Les scientifiques tentent de comprendre pourquoi les conversations sont parfois laborieuses sur Zoom.

C’est l’un des effets le plus visibles de la crise sanitaire. Alors que les réunions en personne sont parfois déconseillées, le recours aux appels en visio s’est considérablement renforcé. Avec le temps, on s’est d’ailleurs rendu compte que la visioconférence générait de la fatigue chez les utilisateurs.

La science s’est justement penchée sur ce concept de “Zoom Fatigue” et notamment des chercheurs de l’université de Stanford. Le problème est d’autant plus gênant que certains désagréments sont recensés parmi lesquels des difficultés de concentration, de l’irritabilité, ou des maux de tête et de dos.

Des conversations plus difficiles à suivre

Pour expliquer ce phénomène, les scientifiques évoquent plusieurs explications : un contact visuel intense, un contact visuel légèrement désaxé, le fait d’être devant une caméra, des mouvements corporels limités, un manque de communication non verbale.

Julie Boland, une chercheuse en Psychologie de l’université du Michigan, s’est elle aussi intéressé à la “Zoom Fatigue”. Dans The Conversation, elle a relaté une expérience qu’elle a décidé de mener avec trois de ses étudiants.

Elle a ainsi pu constater que « les temps de réponse à des questions préenregistrées de type oui/non faisaient plus que tripler lorsque les questions étaient diffusées par Zoom au lieu d’être diffusées par l’ordinateur du participant. »

La scientifique ajoute : « La deuxième expérience a reproduit cette découverte dans une conversation naturelle et spontanée entre amis. Dans cette étude, les temps de transition entre les locuteurs étaient en moyenne de 135 millisecondes en personne, mais de 487 millisecondes pour la même paire de locuteurs parlant sur Zoom. Si moins d’une demi-seconde semble assez rapide, cette différence représente une éternité en termes de rythmes de conversation naturels. »

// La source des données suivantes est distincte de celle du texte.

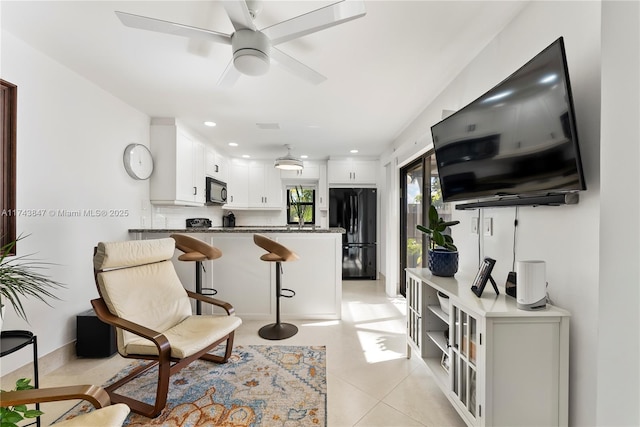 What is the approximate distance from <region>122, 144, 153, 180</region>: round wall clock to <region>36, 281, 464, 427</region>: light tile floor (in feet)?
6.04

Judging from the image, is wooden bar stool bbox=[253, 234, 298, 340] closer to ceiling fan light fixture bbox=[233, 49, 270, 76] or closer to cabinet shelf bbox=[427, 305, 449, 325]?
cabinet shelf bbox=[427, 305, 449, 325]

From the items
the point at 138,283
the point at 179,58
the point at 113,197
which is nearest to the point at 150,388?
the point at 138,283

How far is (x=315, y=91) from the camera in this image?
2.60 m

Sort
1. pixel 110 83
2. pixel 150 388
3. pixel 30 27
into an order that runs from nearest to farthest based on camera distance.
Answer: pixel 30 27
pixel 150 388
pixel 110 83

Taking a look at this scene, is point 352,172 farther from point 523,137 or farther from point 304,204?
point 523,137

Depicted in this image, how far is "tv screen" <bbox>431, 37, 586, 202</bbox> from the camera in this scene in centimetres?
114

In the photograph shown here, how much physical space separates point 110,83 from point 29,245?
1503 millimetres

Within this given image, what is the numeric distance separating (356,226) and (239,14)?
409cm

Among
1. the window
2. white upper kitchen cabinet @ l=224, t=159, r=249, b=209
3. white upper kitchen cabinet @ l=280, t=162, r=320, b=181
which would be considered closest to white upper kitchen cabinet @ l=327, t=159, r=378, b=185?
white upper kitchen cabinet @ l=280, t=162, r=320, b=181

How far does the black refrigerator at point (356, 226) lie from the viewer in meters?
5.12

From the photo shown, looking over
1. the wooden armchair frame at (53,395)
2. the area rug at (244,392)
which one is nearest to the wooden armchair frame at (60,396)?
the wooden armchair frame at (53,395)

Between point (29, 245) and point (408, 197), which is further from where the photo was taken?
point (408, 197)

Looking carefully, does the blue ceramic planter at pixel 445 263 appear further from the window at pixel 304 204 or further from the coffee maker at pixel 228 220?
the coffee maker at pixel 228 220

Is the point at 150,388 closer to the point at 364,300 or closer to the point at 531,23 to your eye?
the point at 364,300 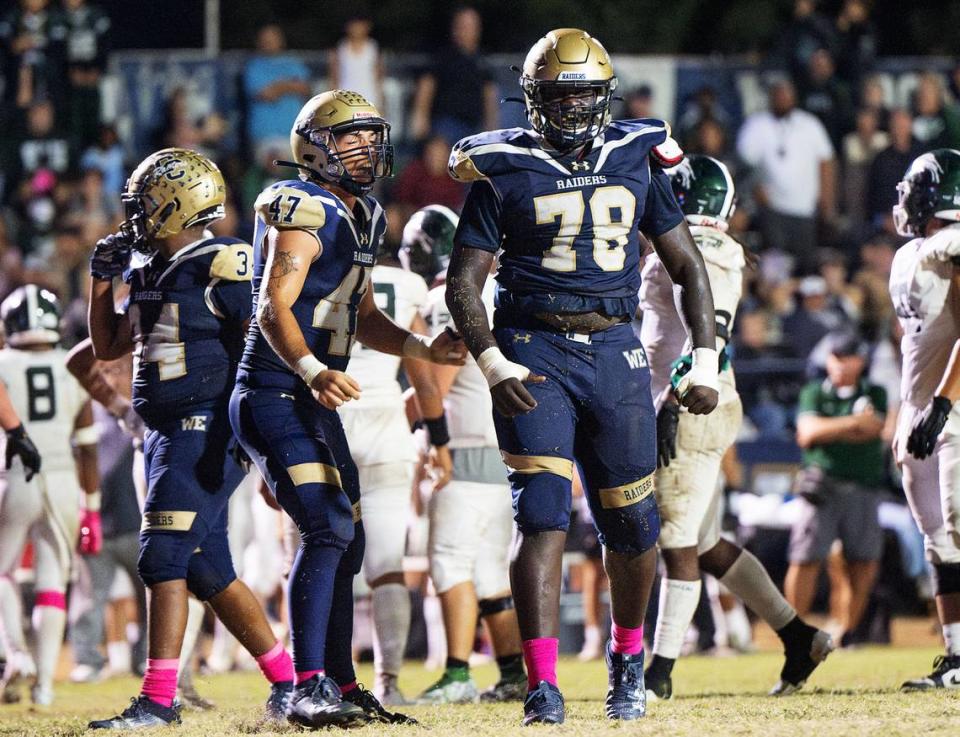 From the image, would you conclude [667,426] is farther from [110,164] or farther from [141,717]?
[110,164]

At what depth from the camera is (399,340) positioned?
6320 mm

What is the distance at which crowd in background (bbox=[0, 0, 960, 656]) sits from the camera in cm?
1477

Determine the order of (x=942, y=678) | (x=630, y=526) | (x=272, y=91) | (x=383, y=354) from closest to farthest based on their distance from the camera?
(x=630, y=526) → (x=942, y=678) → (x=383, y=354) → (x=272, y=91)

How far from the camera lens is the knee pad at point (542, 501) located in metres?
5.59

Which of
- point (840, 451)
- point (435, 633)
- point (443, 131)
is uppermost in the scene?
point (443, 131)

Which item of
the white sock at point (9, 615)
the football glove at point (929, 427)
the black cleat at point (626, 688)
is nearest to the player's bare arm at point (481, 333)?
the black cleat at point (626, 688)

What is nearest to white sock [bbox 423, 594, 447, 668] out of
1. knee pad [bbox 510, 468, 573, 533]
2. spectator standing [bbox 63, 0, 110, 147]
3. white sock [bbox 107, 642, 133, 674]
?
white sock [bbox 107, 642, 133, 674]

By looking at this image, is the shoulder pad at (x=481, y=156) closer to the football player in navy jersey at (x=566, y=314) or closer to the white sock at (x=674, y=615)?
the football player in navy jersey at (x=566, y=314)

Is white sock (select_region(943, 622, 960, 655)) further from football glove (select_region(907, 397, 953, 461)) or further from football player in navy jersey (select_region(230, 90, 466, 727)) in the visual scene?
football player in navy jersey (select_region(230, 90, 466, 727))

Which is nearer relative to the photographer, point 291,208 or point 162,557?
point 291,208

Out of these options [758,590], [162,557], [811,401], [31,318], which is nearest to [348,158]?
[162,557]

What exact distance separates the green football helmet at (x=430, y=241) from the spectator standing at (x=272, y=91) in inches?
285

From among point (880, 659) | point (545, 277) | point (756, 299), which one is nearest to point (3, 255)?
point (756, 299)

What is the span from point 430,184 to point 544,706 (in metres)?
9.48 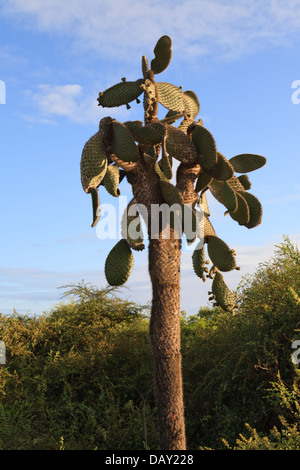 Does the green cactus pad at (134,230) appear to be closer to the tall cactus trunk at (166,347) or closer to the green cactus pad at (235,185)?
the tall cactus trunk at (166,347)

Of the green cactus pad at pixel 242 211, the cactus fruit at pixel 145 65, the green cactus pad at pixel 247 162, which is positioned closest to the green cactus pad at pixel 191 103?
the cactus fruit at pixel 145 65

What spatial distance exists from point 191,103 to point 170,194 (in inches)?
70.2

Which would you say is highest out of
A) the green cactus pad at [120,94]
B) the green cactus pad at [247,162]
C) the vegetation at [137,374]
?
the green cactus pad at [120,94]

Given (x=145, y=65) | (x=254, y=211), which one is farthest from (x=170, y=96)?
(x=254, y=211)

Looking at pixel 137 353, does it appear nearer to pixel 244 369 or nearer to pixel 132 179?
pixel 244 369

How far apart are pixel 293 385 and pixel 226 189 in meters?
2.79

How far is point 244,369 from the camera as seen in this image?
305 inches

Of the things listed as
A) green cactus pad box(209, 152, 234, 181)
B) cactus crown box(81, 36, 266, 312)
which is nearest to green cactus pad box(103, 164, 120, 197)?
cactus crown box(81, 36, 266, 312)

Pour simplifier, la latence, qui n’est que de quelques millisecondes, pour envoyer les signaux audio et vidéos à l’interlocuteur provoque donc une gêne dans son cerveau qui doit travailler d’autant plus pour suivre la conversation. « Cela pourrait contribuer à expliquer mon sentiment que les conversations sur Zoom étaient plus fatigantes que si elles avaient eu lieu en personne », analyse Julie Boland.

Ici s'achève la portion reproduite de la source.